I even kick them off to the side.


----------



## Loisiana (Jul 29, 2009)

Titan1 said:


> I practice placing them everywhere..but thanks for the reminder..


um, yeah,the reminder probably wasnt meant for you ROFL. Do you even know when the last time Titan missed an article was??

I just brought it up because when I was training Annabel in utility I had never paid enough attention to how articles are usually set up so never practiced it that way until someone set them like that fo us in a match. Everyone always suggests all kinds of different ways but I think others tend to assume everyone knows to practice the one in the center so dont mention it.
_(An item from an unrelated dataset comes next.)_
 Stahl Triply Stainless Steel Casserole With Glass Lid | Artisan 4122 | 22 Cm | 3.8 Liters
My set up for articles is usually just to dump them out of the bag and shift a couple around if needed. I still have to remind myself to practice the one in the center occassionally.


----------



## Titan1 (Jan 19, 2010)

Loisiana said:


> um, yeah,the reminder probably wasnt meant for you ROFL. Do you even know when the last time Titan missed an article was??
> 
> YES.....I do he missed them once in Ft Dodge...That was the last time I brought them into the motel from the truck. My room smelled like urine (shudders..:yuck::yuck::yuck:..eeeewwweeee) and i brought them in and they used that ionizer in my room.. Next day Titan would not pick up the articles..
> 
> Edit: I probably just jinxed myself.....


----------



## DNL2448 (Feb 13, 2009)

Titan1 said:


> My room smelled like urine (shudders..:yuck::yuck::yuck:..eeeewwweeee) and i brought them in and they used that ionizer in my room.. Next day Titan would not pick up the articles..
> 
> Edit: I probably just jinxed myself.....


Sounds like the room I had last month for the hunt test. :yuck: Is right!


----------



## Titan1 (Jan 19, 2010)

DNL2448 said:


> Sounds like the room I had last month for the hunt test. :yuck: Is right!
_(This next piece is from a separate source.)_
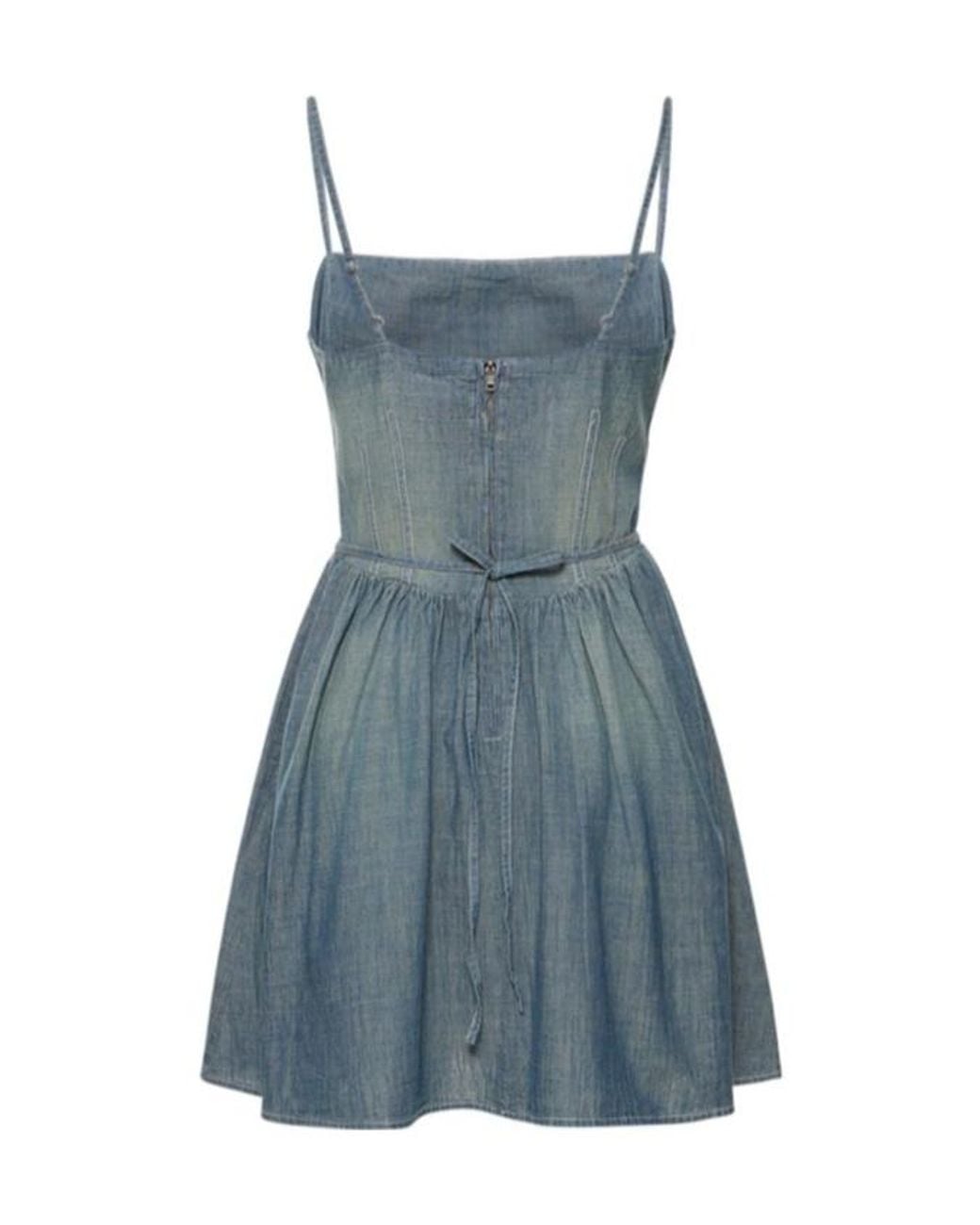 Re/done Blue Young Bohemian Mini Dress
Told you that I had been there done that..LOL!


----------



## Loisiana (Jul 29, 2009)

I just leave mine at the show site. Hopefully no one is pathetic enough to steal my scent articles.


----------



## JDandBigAm (Aug 25, 2008)

Thanks for the tip! Jonah did the scent articles at about 10 months then we put them away. We will be getting them back out soon, I hope! Articles training is fun and so is the marking for taking the glove.


----------



## Stretchdrive (Mar 12, 2011)

Loisiana said:


> I just leave mine at the show site. Hopefully no one is pathetic enough to steal my scent articles.


I would never do that, I don't trust people!


----------



## Stretchdrive (Mar 12, 2011)

Titan1 said:


> Loisiana said:
> 
> 
> > um, yeah,the reminder probably wasnt meant for you ROFL. Do you even know when the last time Titan missed an article was??
> ...


----------



## Titan1 (Jan 19, 2010)

Stretchdrive said:


> Titan1 said:
> 
> 
> > I would have gone to the desk, and requested a different room.
> ...


----------



## LibertyME (Jan 6, 2007)

Good thread, learning lots...
As a person that trains obed largely alone, you all have no idea how much I appreciate being able to eavesdrop on conversations like this.


----------



## Stretchdrive (Mar 12, 2011)

Titan1 said:


> Stretchdrive said:
> 
> 
> > Yeah trust me I tried..Not another room available.. I won't do that motel ever again and I was traveling with someone else and could not get two rooms any other place.
> ...


----------